--- Work instructions ---
Every line containing the word "Toyota" is to be copied from the data below.

--- Records ---
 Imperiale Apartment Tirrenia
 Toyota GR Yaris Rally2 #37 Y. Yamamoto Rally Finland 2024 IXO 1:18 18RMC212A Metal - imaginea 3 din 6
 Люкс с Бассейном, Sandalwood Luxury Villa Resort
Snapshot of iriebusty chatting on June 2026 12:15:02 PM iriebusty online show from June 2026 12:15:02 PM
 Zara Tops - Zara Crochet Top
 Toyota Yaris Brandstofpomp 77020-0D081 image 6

---

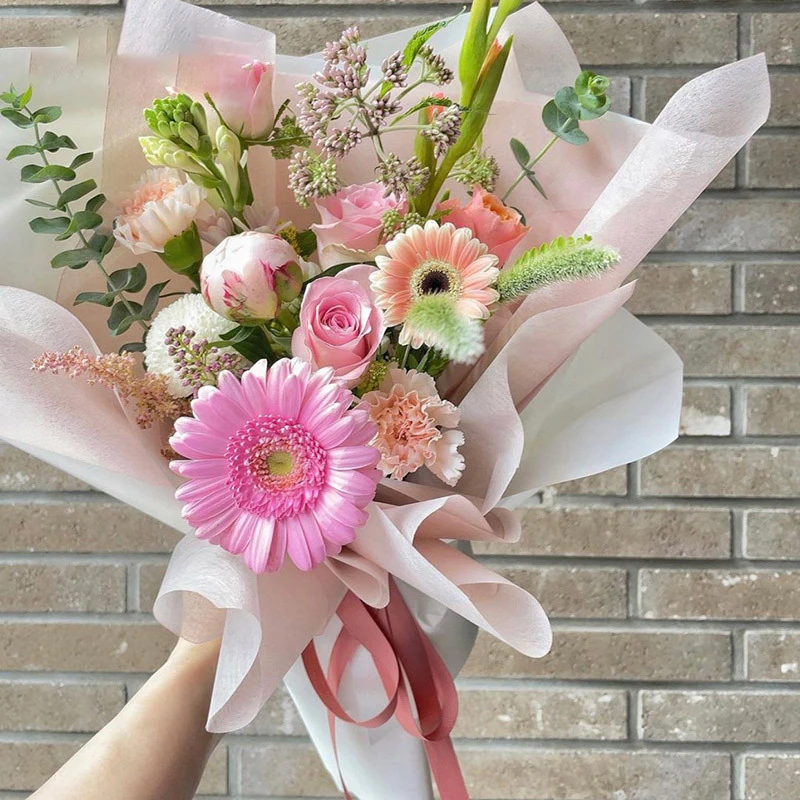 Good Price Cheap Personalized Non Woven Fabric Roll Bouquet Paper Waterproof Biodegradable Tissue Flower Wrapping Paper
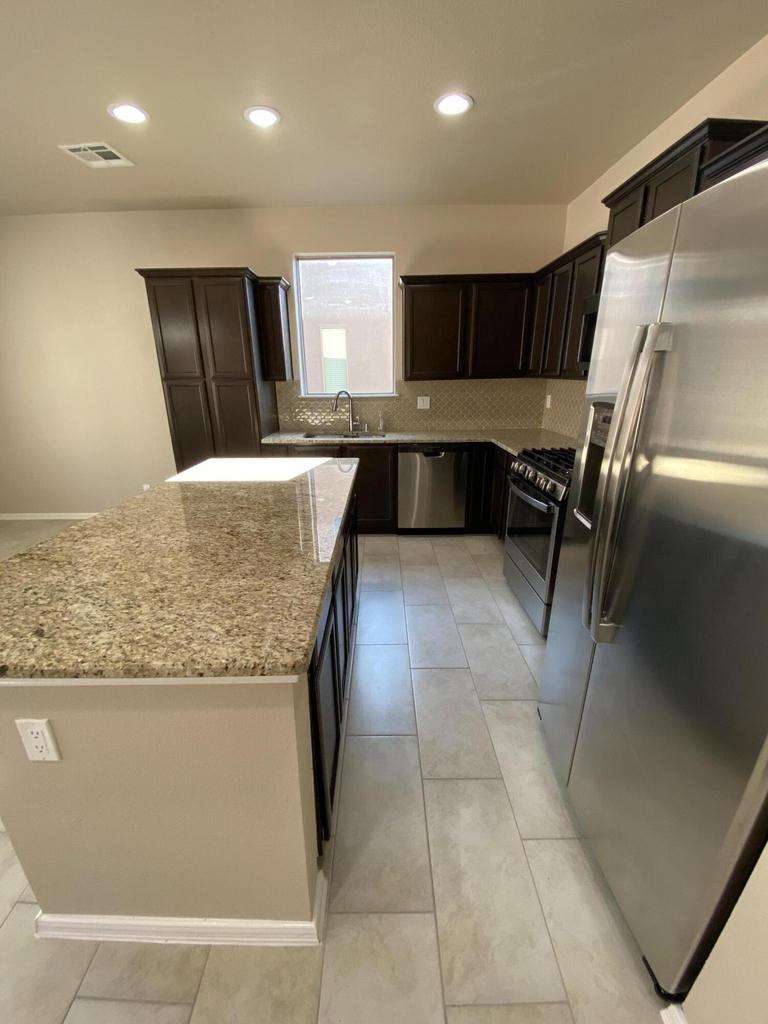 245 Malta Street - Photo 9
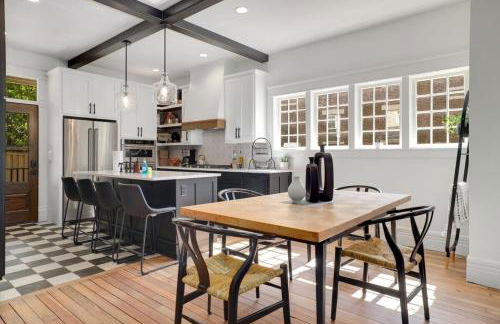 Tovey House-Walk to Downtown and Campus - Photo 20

---

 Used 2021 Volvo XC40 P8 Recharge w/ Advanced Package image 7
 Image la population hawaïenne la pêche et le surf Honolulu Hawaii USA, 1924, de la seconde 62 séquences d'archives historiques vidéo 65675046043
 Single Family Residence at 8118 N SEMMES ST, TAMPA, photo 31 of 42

--- Response for this exercise ---
 Toyota GR Yaris Rally2 #37 Y. Yamamoto Rally Finland 2024 IXO 1:18 18RMC212A Metal - imaginea 3 din 6
 Toyota Yaris Brandstofpomp 77020-0D081 image 6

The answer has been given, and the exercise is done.